INFORMATION GIVEN:
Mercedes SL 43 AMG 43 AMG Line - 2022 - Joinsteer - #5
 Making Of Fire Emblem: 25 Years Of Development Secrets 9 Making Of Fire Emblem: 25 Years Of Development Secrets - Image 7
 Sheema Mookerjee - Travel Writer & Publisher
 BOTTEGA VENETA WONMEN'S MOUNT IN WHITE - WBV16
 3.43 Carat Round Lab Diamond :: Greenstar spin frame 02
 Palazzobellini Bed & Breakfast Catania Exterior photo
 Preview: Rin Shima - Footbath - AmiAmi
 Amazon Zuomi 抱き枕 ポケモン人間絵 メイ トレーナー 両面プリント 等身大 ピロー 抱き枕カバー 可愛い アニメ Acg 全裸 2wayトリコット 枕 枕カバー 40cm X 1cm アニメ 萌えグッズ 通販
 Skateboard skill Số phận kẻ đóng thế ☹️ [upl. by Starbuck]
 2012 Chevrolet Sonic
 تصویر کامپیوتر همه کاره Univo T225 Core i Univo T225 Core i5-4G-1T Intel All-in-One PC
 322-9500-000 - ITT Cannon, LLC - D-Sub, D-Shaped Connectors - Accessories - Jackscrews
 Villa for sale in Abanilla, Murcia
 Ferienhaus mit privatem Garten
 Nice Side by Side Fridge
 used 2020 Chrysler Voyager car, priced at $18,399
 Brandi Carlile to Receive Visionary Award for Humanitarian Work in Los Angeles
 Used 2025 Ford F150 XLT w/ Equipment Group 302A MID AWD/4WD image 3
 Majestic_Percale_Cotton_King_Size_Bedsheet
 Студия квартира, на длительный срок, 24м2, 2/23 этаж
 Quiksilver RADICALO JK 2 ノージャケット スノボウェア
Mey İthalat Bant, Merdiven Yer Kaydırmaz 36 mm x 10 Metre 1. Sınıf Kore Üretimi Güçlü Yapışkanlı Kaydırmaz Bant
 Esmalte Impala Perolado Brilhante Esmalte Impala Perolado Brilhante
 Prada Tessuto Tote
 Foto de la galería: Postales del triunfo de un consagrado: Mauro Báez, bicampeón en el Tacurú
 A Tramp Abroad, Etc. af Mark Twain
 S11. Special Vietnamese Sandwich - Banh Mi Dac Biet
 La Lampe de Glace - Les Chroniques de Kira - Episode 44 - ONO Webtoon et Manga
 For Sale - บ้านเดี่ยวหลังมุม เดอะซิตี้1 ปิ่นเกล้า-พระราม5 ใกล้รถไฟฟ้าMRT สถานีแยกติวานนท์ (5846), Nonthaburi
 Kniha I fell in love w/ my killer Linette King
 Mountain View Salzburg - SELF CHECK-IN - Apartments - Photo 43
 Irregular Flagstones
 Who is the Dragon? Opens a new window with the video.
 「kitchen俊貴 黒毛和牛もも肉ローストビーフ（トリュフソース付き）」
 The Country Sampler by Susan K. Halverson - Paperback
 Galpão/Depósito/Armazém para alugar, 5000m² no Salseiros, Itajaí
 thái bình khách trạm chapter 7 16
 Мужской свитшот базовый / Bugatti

WORK REQUEST: Reproduce the entries exactly, but only from their first line to the line holding "BOTTEGA VENETA WONMEN'S", with that last line kept.

OUTPUT FOR THIS EXERCISE:
Mercedes SL 43 AMG 43 AMG Line - 2022 - Joinsteer - #5
 Making Of Fire Emblem: 25 Years Of Development Secrets 9 Making Of Fire Emblem: 25 Years Of Development Secrets - Image 7
 Sheema Mookerjee - Travel Writer & Publisher
 BOTTEGA VENETA WONMEN'S MOUNT IN WHITE - WBV16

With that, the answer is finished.